Enormous Colorful Bombs
If enemies get too close, push either button on the nun chuck and a
kill-everything bomb will go off, taking out all your enemies.
Points for Everything
Whenever you destroy an enemy, you get points. If it moves, shoot it. If it doesn’t move, shoot it. If it disrupts the fabric of space itself, shoot it.
As you play, you get awards, in addition to the high score list, which is easy to get on and bump off the default scores; no one wants to look at scores from the game designer anyhow.
Cumulative Score Multipliers
Destroyed enemies leave behind little golden bits which you simply have to zoom near,
accuracy doesn’t matter, and you’ll consume them; doing so gives you
score multipliers. You can have very big multipliers.
Money Does Buy Happieness
Earning multipliers is like accruing currency, you can save up between games. Currency unlocks
different playing fields, new enemies, and more wonderful things.
A.I. On Your Side
In addition to your ship, there’s a
totally hands free drone.
Your drone stays near you, and using some very basic artificial intelligence, it helps you.
You can buy different skills for your drone. The more currency you have, the more skills you can purchase. And, get this, one of the drone’s tasks can be to collect more currency. Clever.
Longer Play
Think back to how many times you’ve played an arcade game and lost a life because you missed something trivial or committed a dumb mistake.
You may have your drone shoot, defend, snipe, or do one of any number of a selected set of tasks. You pick which, making compensates for weakness in your play style or leverage your strengths.
If you miss something during play, aren’t playing attention, or aren’t looking where you’re going, there’s a really good chance that the drone will take care of it for you. Play lasts longer and is more enjoyable because little accidents don’t matter.
The Addiction Feedback Loop
The more you play with a drone using a particular skill, the smarter it gets. The better you play, the faster that
it gets smarter; it literally accumulates experience. With enough experience, the drone levels and plays even better, helping you even more.
Meaning, that after you finish a game, the drone is more capable, and you’ll do better in the next game at the same level of effort. So you do.
But then your drone levels, so now you want to play again to see what the new capability is. So you do.
You get more kills with a better drone. That directly translates to higher scores and more currency. And, more currency means new drone skills and more experience. Which, gives you a better drone. That takes you back to more kills.

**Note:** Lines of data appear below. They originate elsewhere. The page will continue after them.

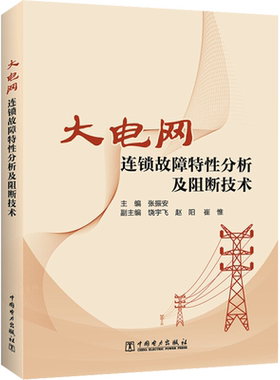 大电网连锁故障特性分析及阻断技术 正版书籍 新华书店旗舰店文轩官网 中国电力出版社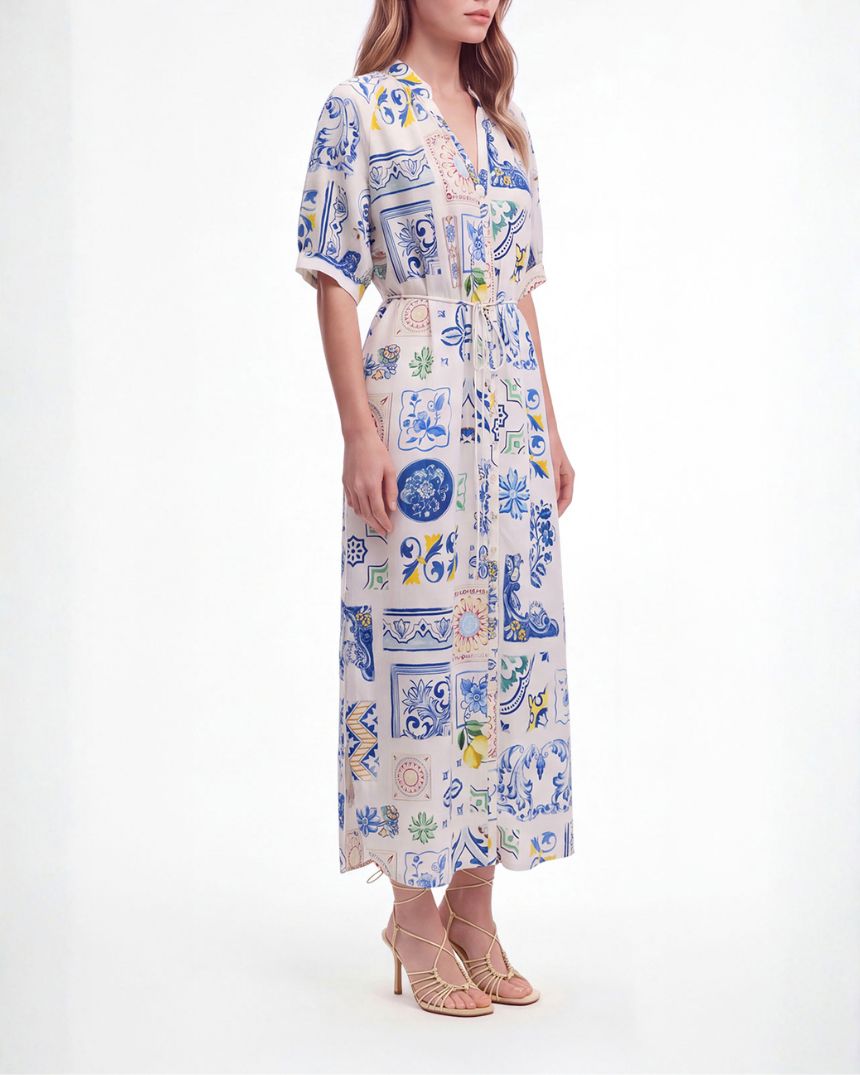 Adella Sicily Ankle Dress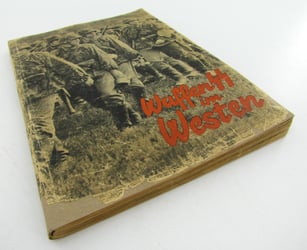 Original Waffen-SS im Westen Photobook (1941)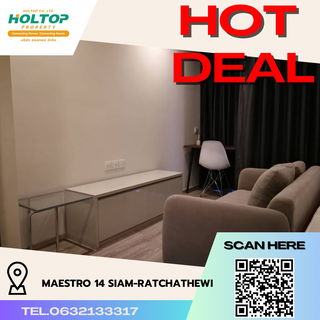 รูปภาพ #R4504 Condo for rent Maestro 14 Siam-Ratchathewi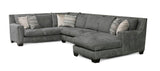 Del Mar - 7K00 - Luckenbach 3 PC U-Shaped Sectional with Nails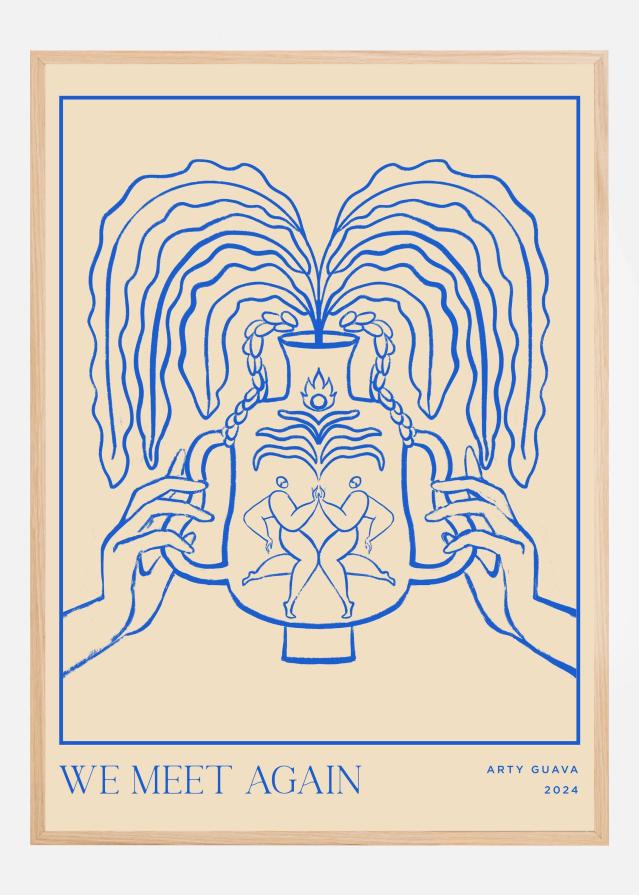 Vessel Collection : We Meet Again (LineArt) Póster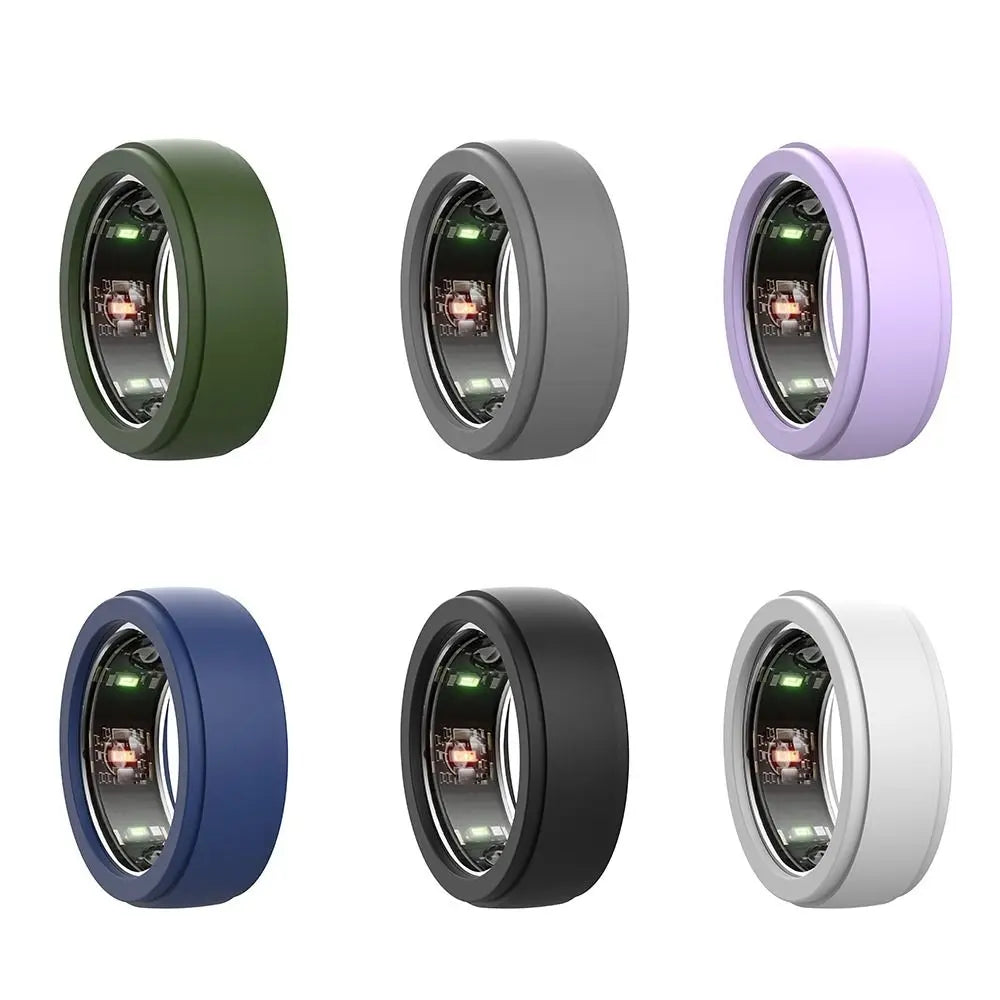 Silicone Protective Case for Oura Ring Gen 3 – Anti-Scratch, Sweat-Resistant Cover
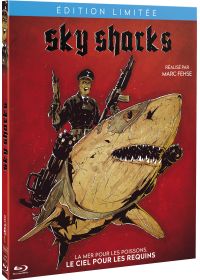 Sky Sharks (Édition Limitée) - Blu-ray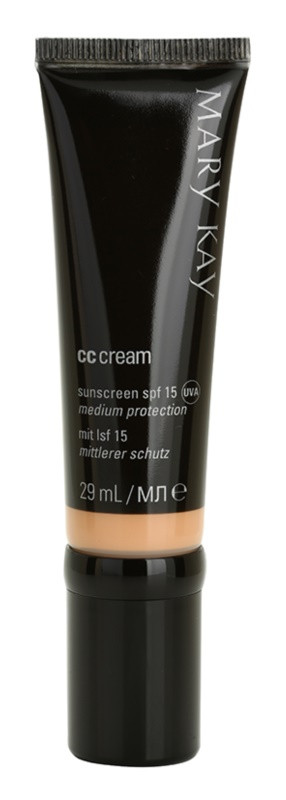 Mary Kay CC Cream Sunscreen SPF 15 Medium Protection 
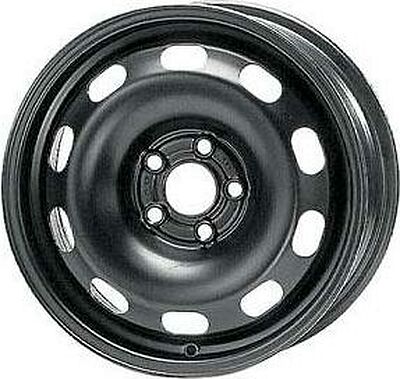 KFZ 8380 6x15 5x100 ET 38 Dia 57 black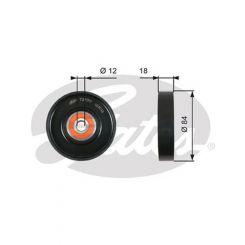 Gates DriveAlign Belt Tensioner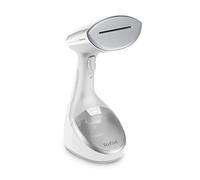 TEFAL DT9130 Access Steam Care Spazzola a Vapore, Acciaio Inox 18/8, Bianco/Argento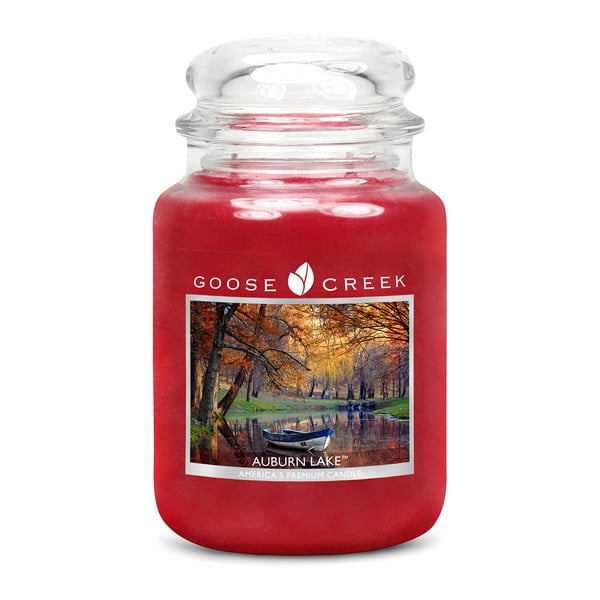 Kvapnioji žvakė stikliniame indelyje "Goose Creek Chestnut Lake", 0,68 kg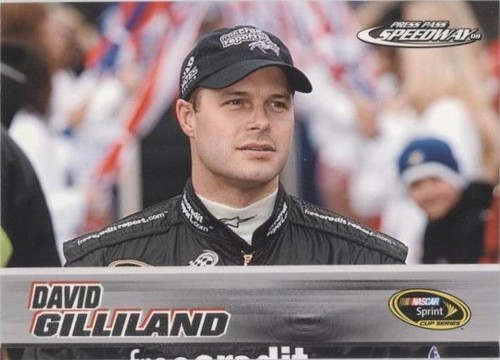 2008 Press Pass Speedway - David Gilliland #23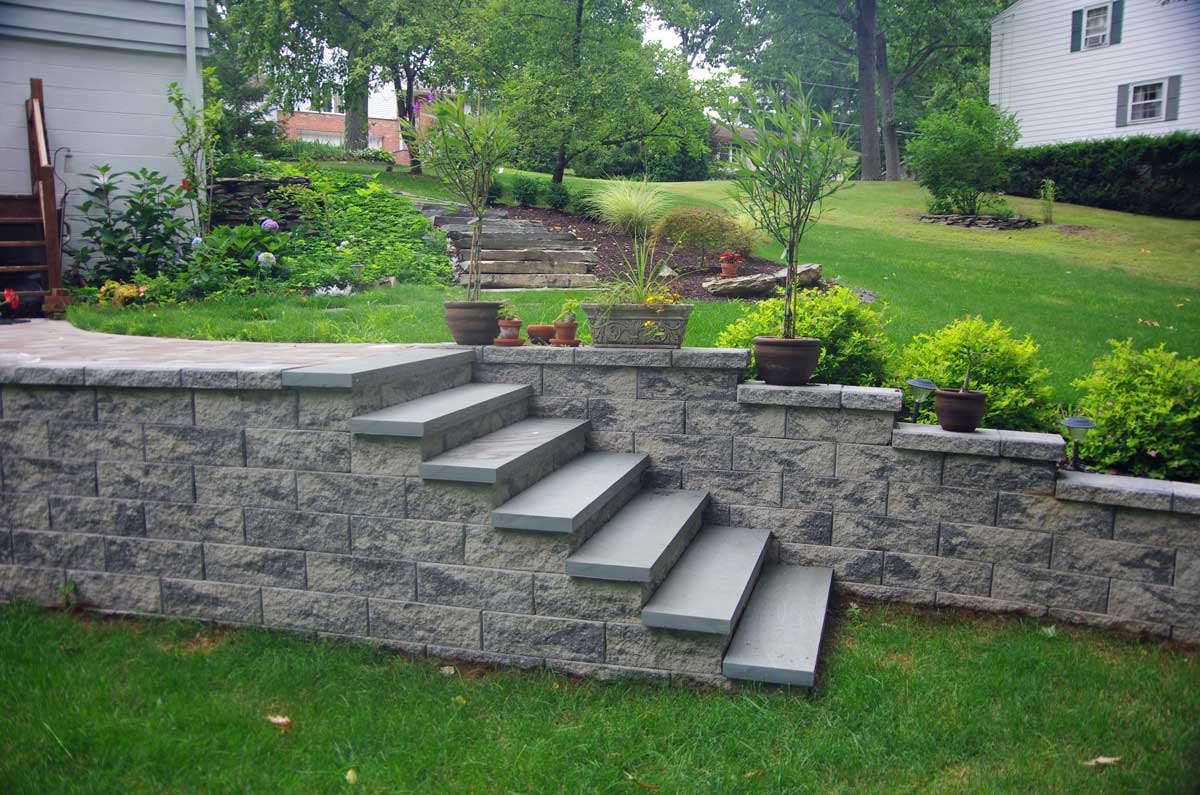 Stone Retaining Walls Northern Va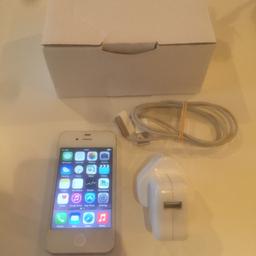 Apple Iphone 4S 16gb White network o2

Fully working order, with wear but in good condition.

Any questions give me a shout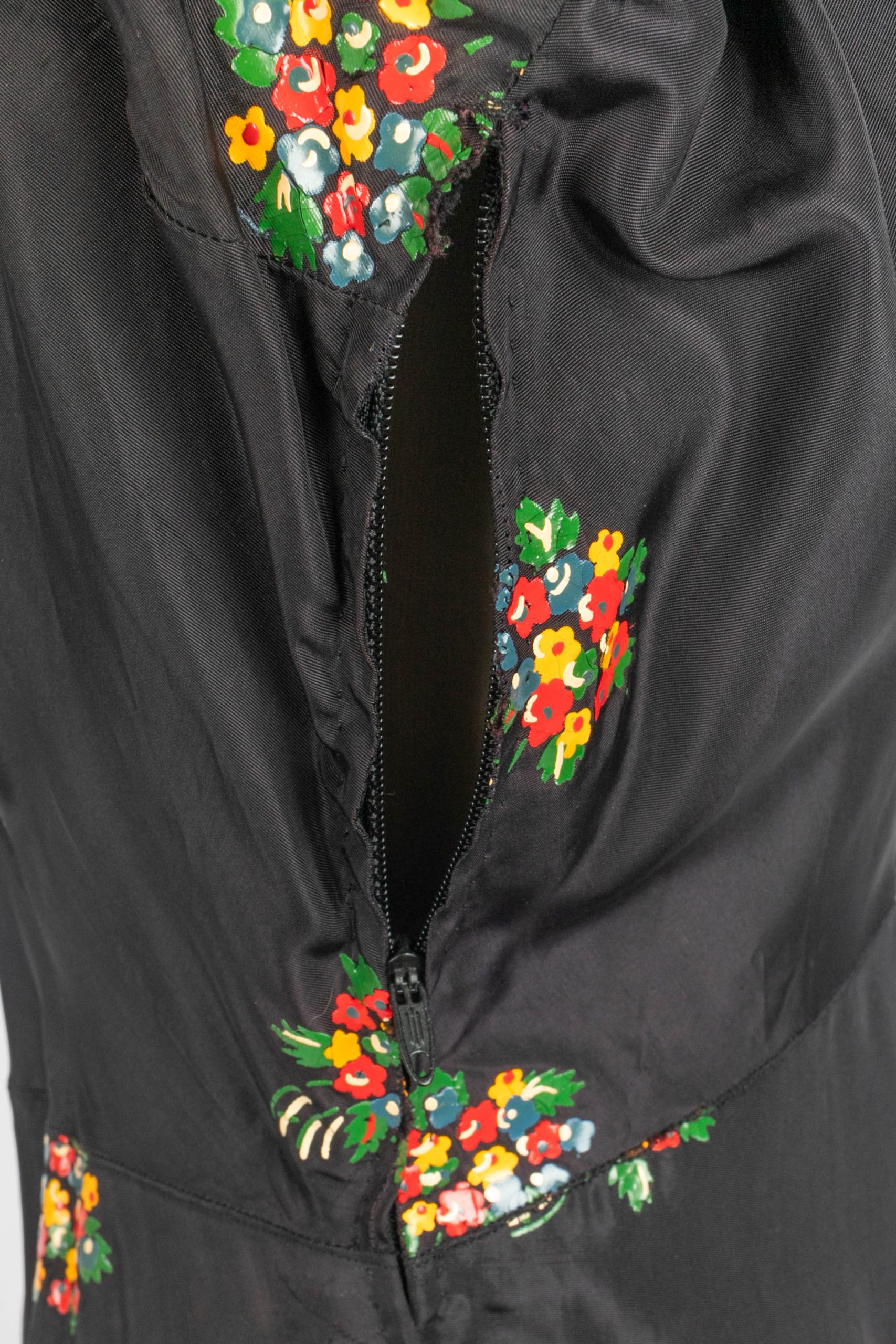 Robe vintage 1930's – Image 8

Every time you finish a game, the next carrot is just withing reach — if you play one more time.
Pure evil. The best kind.
Features, features, features
Aside from the ton of worlds and surprises you can unlock, the disc has more.
Yes, you can play with another player. Even more surprising, if they have a Nintendo DS, your Wii will go WiFi and connect to it.
There’s also a Retro version as part of the game as well.
The game experience itself is fresh.
Plus the game itself comes in at about $10 cheaper than other main titles, it’s so affordable it’s not worth resisting.
Walt gives the Wii’s Geometry Wars: Galaxy two carpel tunnel thumbs up!